‘Wild Card’ drills create a winning hand
We always encourage our players to work on developing their skills. Many states have restrictive out-of-season coaching parameters. Without supervision or feedback, offseason skill development erodes into pickup games of 5-on-5 basketball.
“Wild Card Basketball” is a simple and effective way to get your players to work on skill development, communication, thinking skills and team development. We created a deck of cards, incorporating skills we wanted emphasized in 5-on-5 full- and half-court games.
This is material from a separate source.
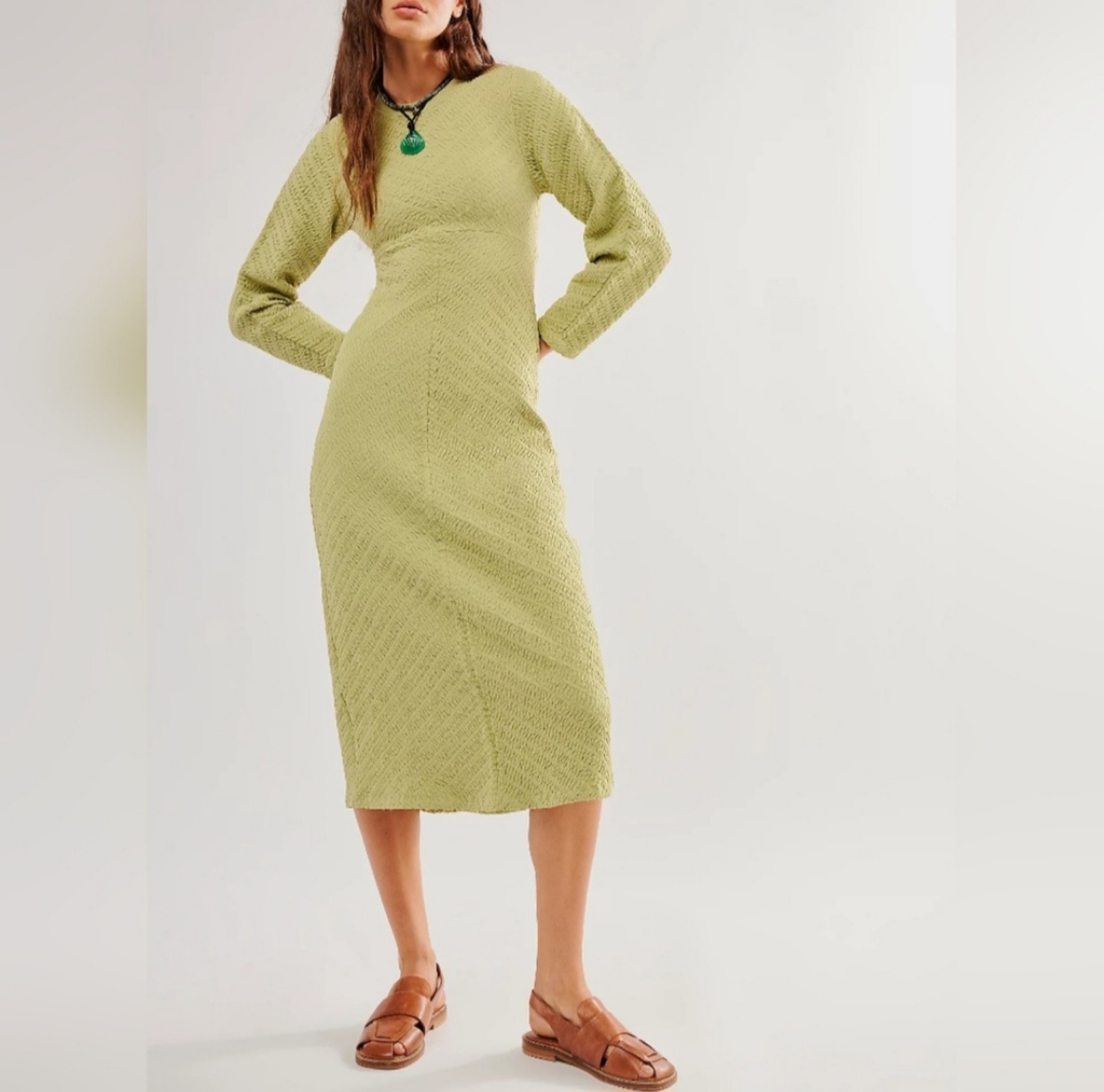 Free People NWT Gabby Seamless Midi Dress Dried Aloe M/L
Creation of “Wild Card” decks can be as simple as purchasing a package of lined index cards, or as elaborate as designing your own set of cards on a computer. The name of the drill or game is printed on one side of the card, while instructions are written on the back. Here are several examples of the cards we use to keep our players thinking team basketball during non-practice times.
The back of the card reads: “5-on-5, full-court game. No score is kept. All players on the team must score. After all 5 players score, the next point wins. In essence, a sudden-victory situation.”
The rationale behind this game is to get everybody involved with scoring. Your players look for teammates, making the extra pass and helping others get open. It also facilitates communication on offense and defense. Your players need to yell things such as “Who still needs to score?” and “We have to stop Suzie, she hasn’t scored yet!”
The back of the card reads: “5-on-5, full-court game played to seven points. When a team scores, they stay on offense by getting the ball out of the net and attacking the defense in the other direction.”
This is an excellent conditioner, and it develops tremendous offensive and defensive transition skills.
3, 5, 7
The back of the card reads: “5-on-5, full-court game played to nine points. One point is awarded for all baskets, including 3-point shots. Teams may score from any area on the floor, however, on points 3, 5 and 7, the baskets must be 3-pointers. A team may score from inside the arc, but the score does not accumulate beyond 2, 4 and 6 until a 3-pointer is made.”
This game puts pressure on all players and increases defensive responsibility by forcing teams to extend their defense to the arc.
The back of the card reads: “5-on-5, full-court game played to nine points. Teams may dribble without restriction if they are in transition. However, if a team is in a half-court situation, no one may dribble inside the 3-point arc.”
This game helps develop screening, scoring off the screen, and passing skills.
The back of the card reads: “5-on-5, full- or half-court game played to nine points. There are no restrictions on offensive play, except that before a team may score the ball must be entered to a post player.”
This drill improves post players’ passing skills (often overlooked) and forces teams to slow down, knowing they can’t score without a post entry.
The back of the card reads: “5-on-5, full-court game played to nine points. There are no restrictions. Each team has a player, who is selected as the golden child. All baskets are worth one point, however, the golden child’s baskets are worth two points.”
Defensive integrity and intensity increases on an individual and a team basis as the “golden child” simulates that opponent who “must be stopped.”
The back of the card reads: “5-on-5, full- or half-court game played to nine points. All baskets are worth one point. All offensive entries must begin on the left.”
Lefty is a simple game but stresses the importance of utilizing both sides of the floor. Another added benefit is an increased comfort level of ball handlers working with their non-dominant hand.
The back of the card reads: “5-on-5, full-court game played to 13 points. All baskets are worth one point, as are ‘reward points’ for any skill a coach wants to emphasize.”
Our team tends to reward points for offensive and defensive rebounds, but deflections, hustle points (diving after loose balls etc.), or bank shots could also be eligible for reward points.